Brain scans: Imaging techniques used to diagnose tumors, blood vessel malformations, or hemorrhage in the brain. Types of brain scans include computed tomography, magnetic resonance imaging, and positron emission tomography.

Cerobrospinal fluid analysis: Involves removal of a small amount of the fluid that protects the brain and spinal cord to detect any bleeding or brain hemorrhage, diagnose infection to the brain and/or spinal cord, identify some cases of multiple sclerosis and other neurological conditions, and measure intracranial pressure.

Computed tomography (CT scan): A noninvasive, painless process used to produce rapid, clear two-dimensional images of organs, bones and tissues.
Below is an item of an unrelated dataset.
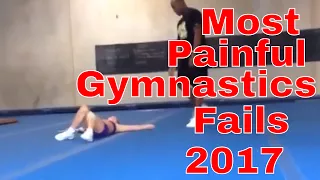 Most painful Gymnastics Fails 2017 | Gymnastics Fails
Neurological CT scans are used to view the brain and spine, and can detect bone and vascular irregularities, certain brain tumors and cysts, herniated discs, epilepsy, encephalitis, spinal stenosis, a blood clot or intracranial bleeding in patients with stroke, brain damage from head injury, and other disorders.

Echocardiogram: An imaging test that helps show the size of the heart and health of its chambers and valves.

Electrocardiograph (ECG/EKG): A test that records electrical signals from the heart onto a paper strip. It helps the physician determine whether the heart is normal, under stress, or experiencing electrical problems, strain or damage.

Electroencephalography (EEG): Monitors brain activity through the skull. Helps diagnose certain seizure disorders, brain tumors, brain damage from head injuries, inflammation of the brain and/or spinal cord, alcoholism, certain psychiatric disorders, and metabolic and degenerative disorders that affect the brain. Also used to evaluate sleep disorders, monitor brain activity when a patient has been fully anesthetized or loses consciousness, and confirm brain death.

Electromyography (EMG): Used to diagnose nerve and muscle dysfunction and spinal cord disease by recording the electrical activity from the brain and/or spinal cord to a peripheral nerve root that controls muscles during contraction and at rest.

Electronystagmography (ENG): A group of tests used to diagnose involuntary eye movement, dizziness and balance disorders, to evaluate some brain functions.

Magnetic resonance imaging (MRI): Uses computer-generated radio waves and a powerful magnetic field to produce detailed images of body structures, including tissues, organs, bones and nerves. Neurological uses include the diagnosis of brain and spinal cord tumors, eye disease, inflammation, infection, and vascular irregularities that may lead to stroke. MRI can also detect and monitor degenerative disorders such as multiple sclerosis and to document brain injury from trauma.

Transesophageal echocardiography (TEE): Allows physicians to record images of the heart from inside the patient’s esophagus/food pipe to identify and treat problems such as infection, disease, or defects to the heart’s walls or valves.

Ultrasound imaging: Also known as ultrasound scanning or sonography, it uses high-frequency sound waves to obtain images inside the body. Neurosonography (ultrasound of the brain and spinal cord) analyzes blood flow in the brain and can diagnose stroke, brain tumors, hydrocephalus, and vascular problems. It can also identify or rule out inflammatory processes causing pain.

Transcranial Doppler ultrasound is used to view arteries and blood vessels in the neck and determine blood flow and risk of stroke.